The most likely source of infection for this premises was windborne transmission from IP2. As noted previously, the distance between the two properties was approximately 600 m. Contemporaneous records from nearby weather stations (in London and Woodstock, Ontario) indicated a strong wind in a south-easterly direction, supporting of a direct wind connection between IP2 and IP3, an observation shared by CFIA staff on IP2 on April 18, 2015 (five days prior to onset of clinical signs on IP3). This connection is further supported by the pattern of infection observed, wherein birds in the barn closest to IP2 were the first to show clinical signs. Further analysis from the CFIA NCFAD laboratory confirmed a higher degree of homology between the virus detected at IP2 and IP3 than between either site and IP1, though all strains were highly homologous with only minor variation between the locations thought to be due to random mutation. A breach in biosecurity is a less likely source of infection on this farm due to the stringent biosecurity protocol for this premises and its temporal and geographical proximity to IP2.
3.5 Laboratory Findings
Sequencing of the H5N2 virus obtained from samples of poultry on infected farms and analysis of the results indicated that it was a reassortant virus. The genome of all Influenza A viruses contains eight RNA gene segments, including hemagglutinin (H) and neuraminidase (N) genes, of which the H is the main gene segment involved in determining the pathogenicity. Based on sequence analysis, avian influenza viruses can be broadly categorized into Eurasian (Europe and Asia) and North American lineages. The new H5N2 virus detected in BC contains five of eight gene segments from highly pathogenic Eurasian H5N8 virus, including the H5 gene, and three of eight segments from typical North American viruses, including the N2 gene (originating in wild birds). It was the first time a Eurasian HPAI H5 lineage virus had been a cause of outbreaks of avian influenza in domestic poultry in North America. In addition, it appears that this particular reassortant virus with Eurasian and North American avian influenza virus gene segments had not been observed anywhere before, although all eight gene segments have been identified in either Asia/Europe or North America.

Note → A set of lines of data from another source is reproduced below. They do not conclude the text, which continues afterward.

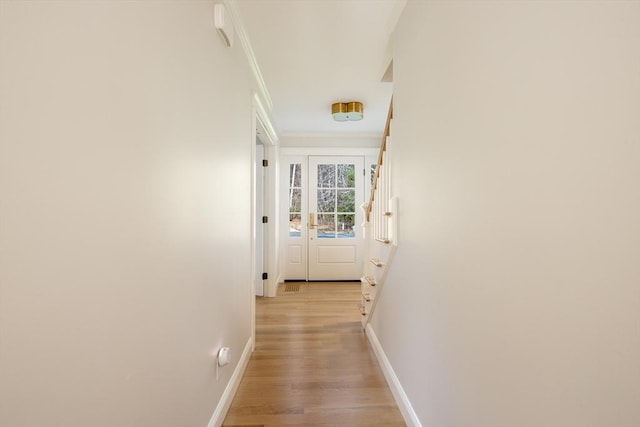 corridor with baseboards, ornamental molding, and light wood-style floors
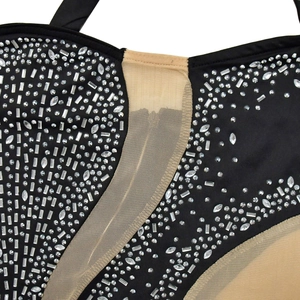 Close-up of sparkling rhinestones and mesh texture on a black sleeveless party dress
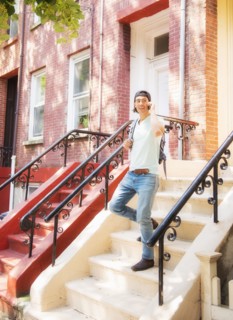 Caucasian man on front stoop of urban brownstone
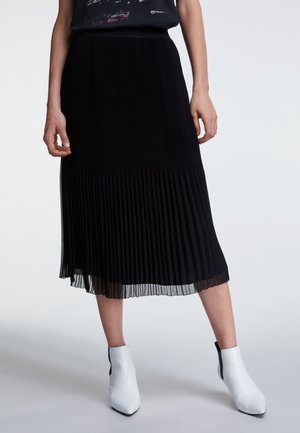 Femme portant une jupe midi plissée noire et des bottines blanches, debout les mains détendues le long du corps, sur un fond uni.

3.6 Outbreak Conclusion and Post-Outbreak Surveillance
Following destruction of the birds on each IP, carcasses, products and by-products were composted on site to deactivate the virus via bio-heat treatment (BHT). This was followed by cleaning and disinfection of the barns, then a 21-day fallow period. Cleaning and disinfection was approved for IP1 and IP3 on June 29th, 2015 and for IP2 on July 8th, 2015. The post-outbreak surveillance period started on July 8th, 2015 and concluded on October 8th, 2015.